═════ Provided data ═════

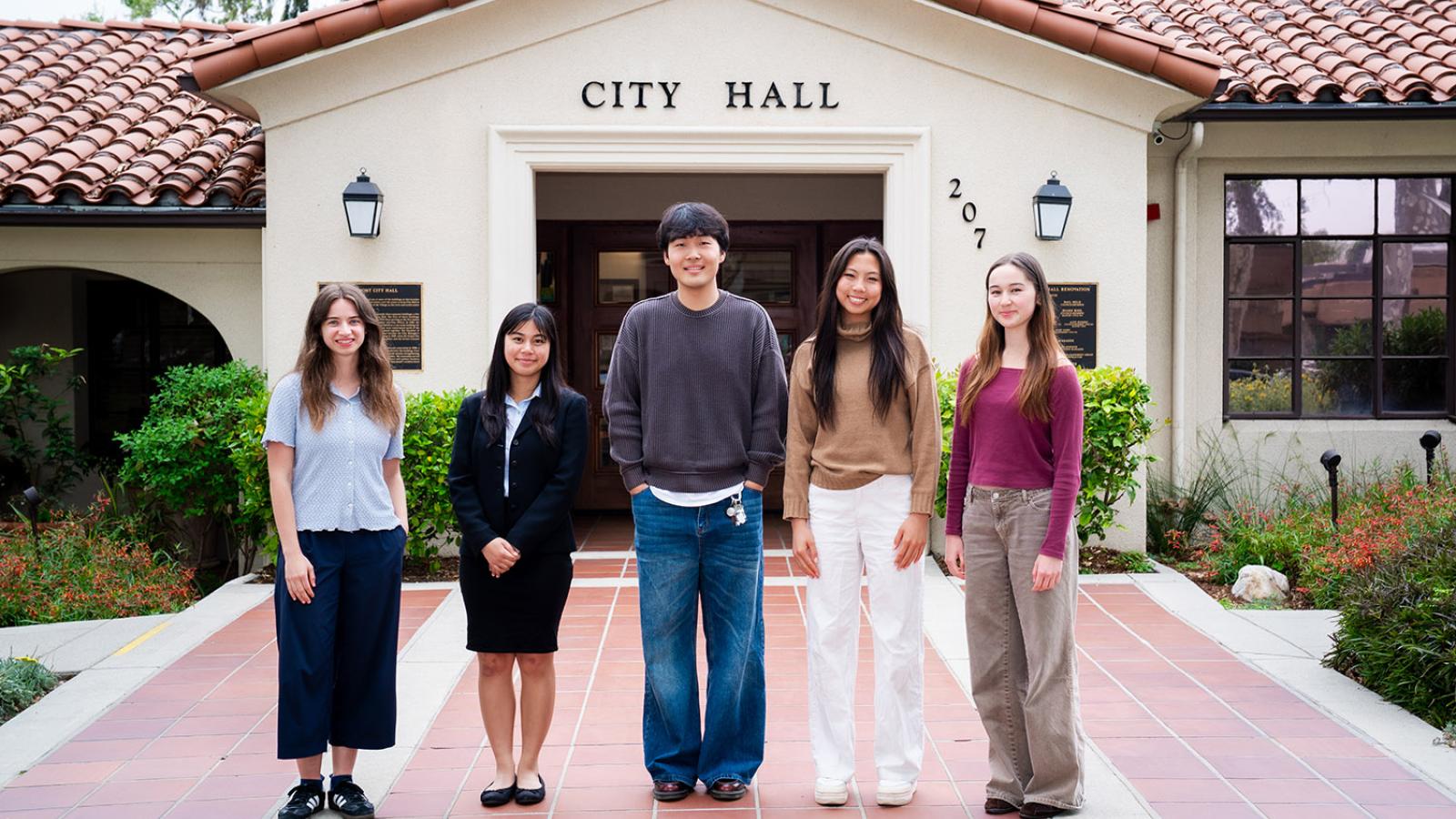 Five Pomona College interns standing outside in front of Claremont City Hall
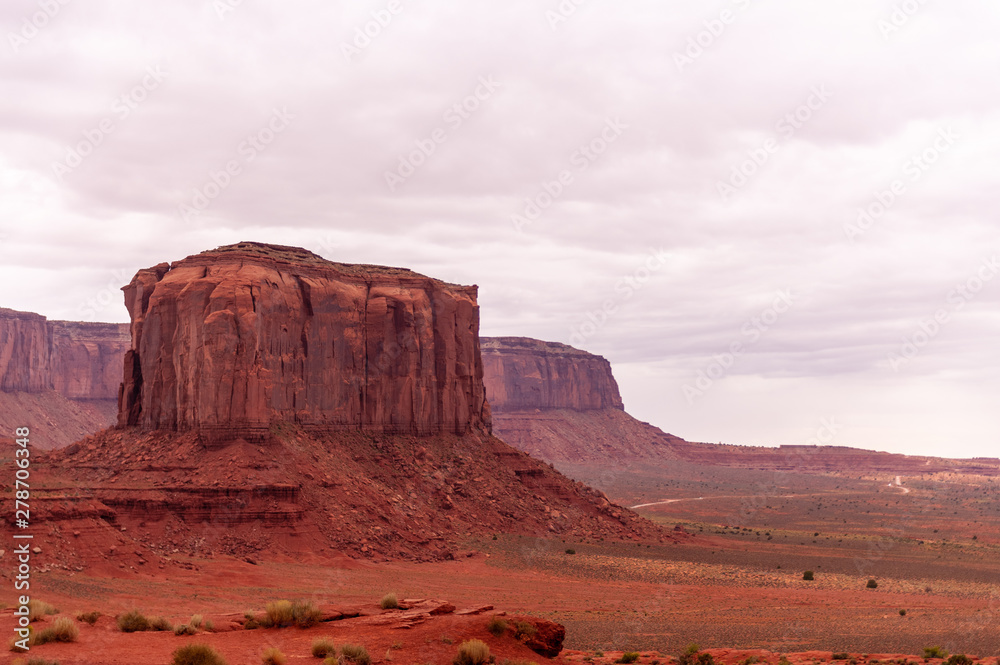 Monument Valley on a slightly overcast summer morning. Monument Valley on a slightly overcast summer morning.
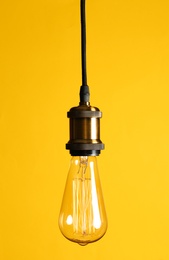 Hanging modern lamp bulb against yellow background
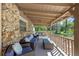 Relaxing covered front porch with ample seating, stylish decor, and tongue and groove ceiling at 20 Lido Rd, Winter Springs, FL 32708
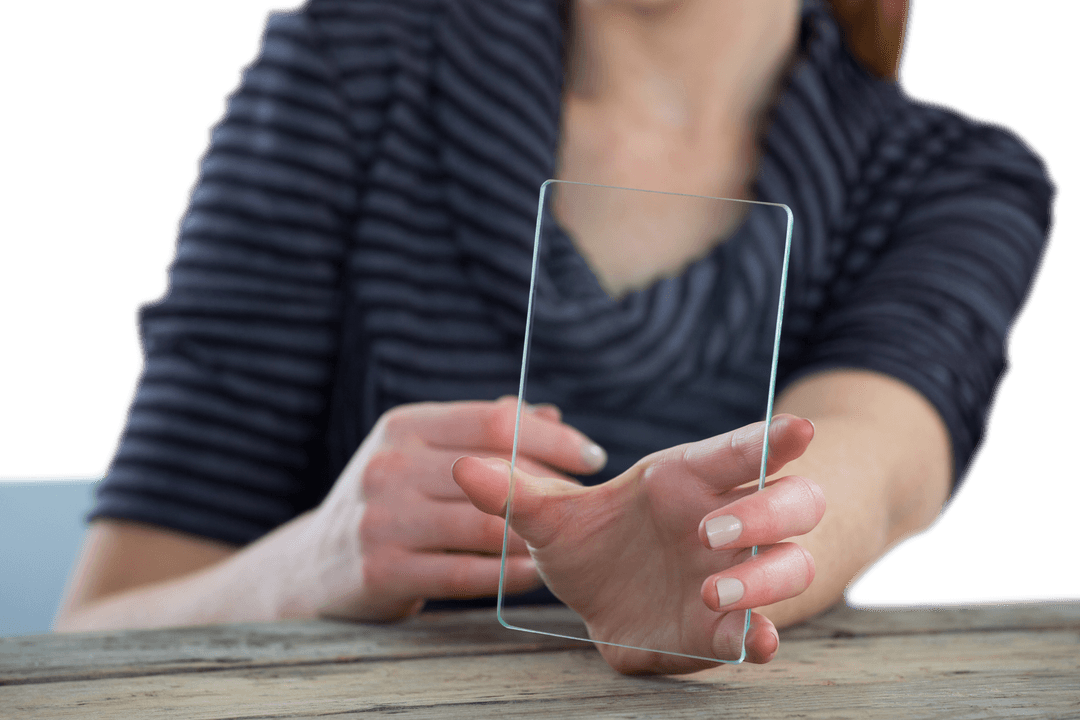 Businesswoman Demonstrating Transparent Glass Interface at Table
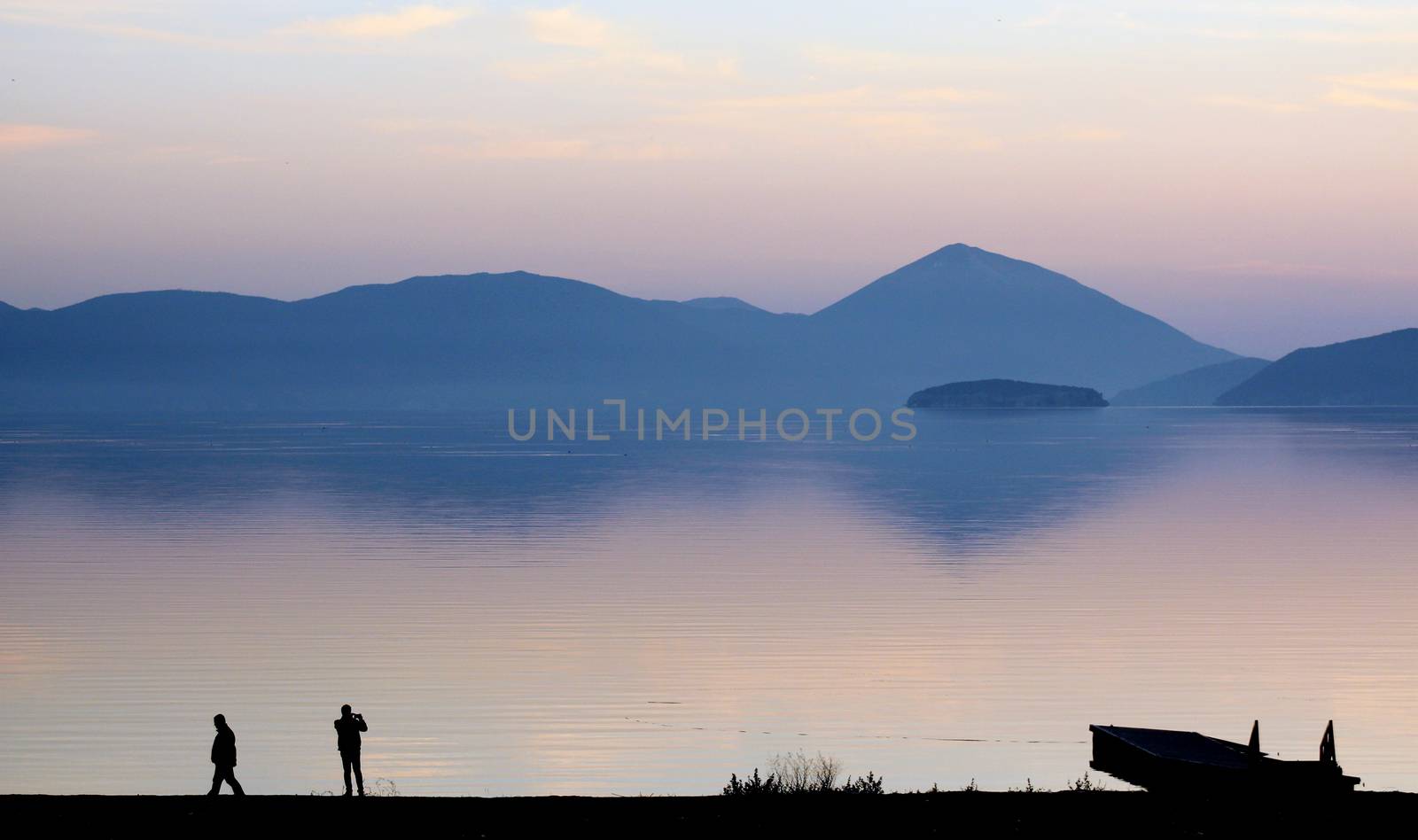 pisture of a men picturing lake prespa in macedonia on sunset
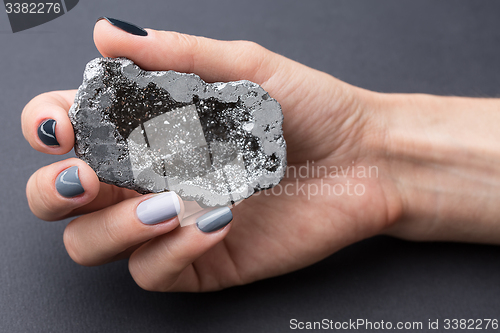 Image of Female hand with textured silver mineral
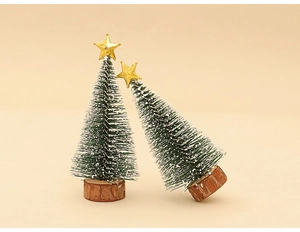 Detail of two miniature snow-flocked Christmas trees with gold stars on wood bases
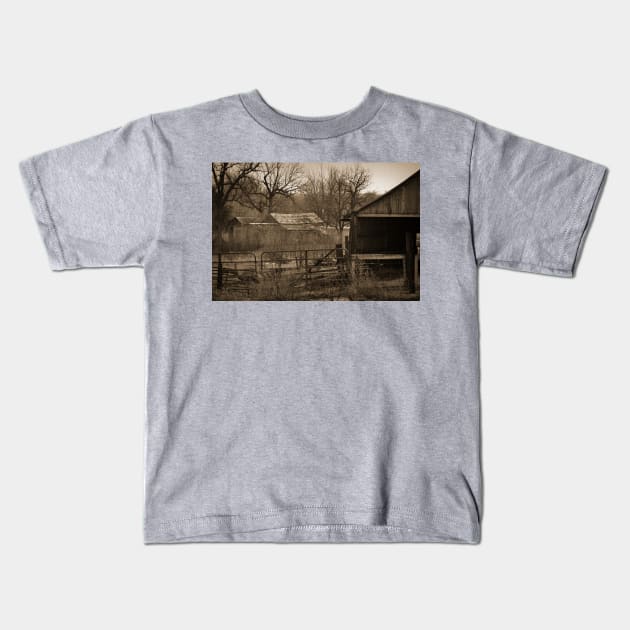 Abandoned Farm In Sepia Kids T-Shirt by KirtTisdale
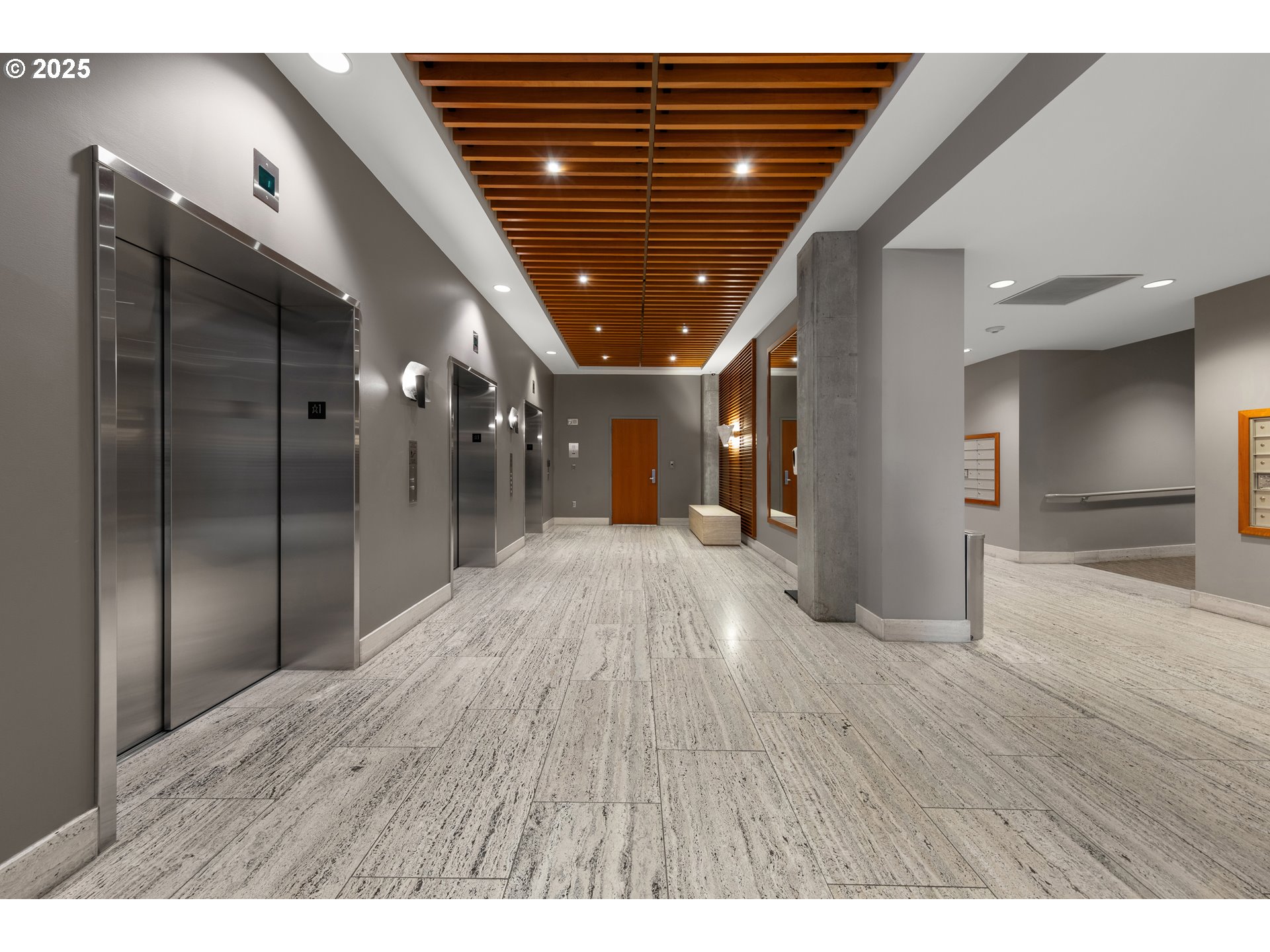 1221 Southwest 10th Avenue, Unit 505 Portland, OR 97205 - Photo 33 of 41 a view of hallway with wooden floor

═════

* _What is expected_: Give again exactly the lines from the one holding "Image of Female" to the final line of the records, both ends included, and nothing more. Pictures do not belong in the copy.

* _Task response_:
 Image of Female hand with textured silver mineral
 Detail of two miniature snow-flocked Christmas trees with gold stars on wood bases
 Abandoned Farm In Sepia Kids T-Shirt by KirtTisdale
 1221 Southwest 10th Avenue, Unit 505 Portland, OR 97205 - Photo 33 of 41 a view of hallway with wooden floor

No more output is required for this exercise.